How To Dress Well mastermind Tom Krell has hinted that his downbeat electro-R&B project could yield a full-fledged pop track with songs like “& It Was You” and a cover of Janet Jackson’s “Again, ” but few could have foreseen something as catchy, danceable and downright uplifting as “Repeat Pleasure, ” from this year’s “What Is This Heart?” Krell’s fragile voice and careful guitar strums propel one of the year’s most unexpected treats from the indie world.
2. tune-yards, “Water Fountain”
Merrill Garbus’ eclectic Tune-Yards project produced another Afrobeat-influenced gem this year with “Water Fountain, ” which allowed indie fans to dance along to the phrase “blood-soaked dollar” for the first time. Miss M.I.A.’s propulsive world music being played on pop radio? Try Tune-Yards’ latest, Nikki Nack, on for size.
3. Sylvan Esso, “Coffee”
Members of Mountain Man and Megafaun combined for the electro-pop project Sylvan Esso, which at times sounds custom-made for college-town cafes and shines on hypnotic tracks like the single “Coffee.” The group’s debut album is blog fodder, but this delightfully simple track deserves to reach fans of darkly lit mainstream pop as well.

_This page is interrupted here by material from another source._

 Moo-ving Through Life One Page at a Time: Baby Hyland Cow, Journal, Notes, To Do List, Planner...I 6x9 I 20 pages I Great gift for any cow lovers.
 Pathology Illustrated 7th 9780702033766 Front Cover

4. The Pains of Being Pure at Heart, “Kelly”
Long-running indie outfit The Pains of Being Pure at Heart packed their underrated LP Days Of Abandon with a few fits of unabashed glee, and “Kelly” skips along with Jessica Weiss’ happy-go-lucky vocal performance and a finger-snapping jangle that would fit in with the Smiths’ lush melodies. If you hate this song, there might just be hate rooted in your heart.
5. Wye Oak, “Glory”
Wye Oak’s Jenn Wasner traded in her guitar for a keyboard in the three years between 2011’s Civilian and this year’s Shriek, and the latter represents a fresh change of pace for the reliably charming duo. “Glory” flies its funky flag in a little under five minutes, as Wasner lingers on syllables with a confident quiver similar to that of Bat For Lashes’ Natasha Khan.
6. Spoon, “Do You”
Spoon remained the most consistent band in indie rock with this year’s lovely They Want My Soul, and while “Inside Out” and “Let Me Be Mine” are stunners for the Pitchfork set, “Do You” struts into view with the album’s most alluring hooks. Don’t be surprised to hear this one in a ton of movie trailers next year.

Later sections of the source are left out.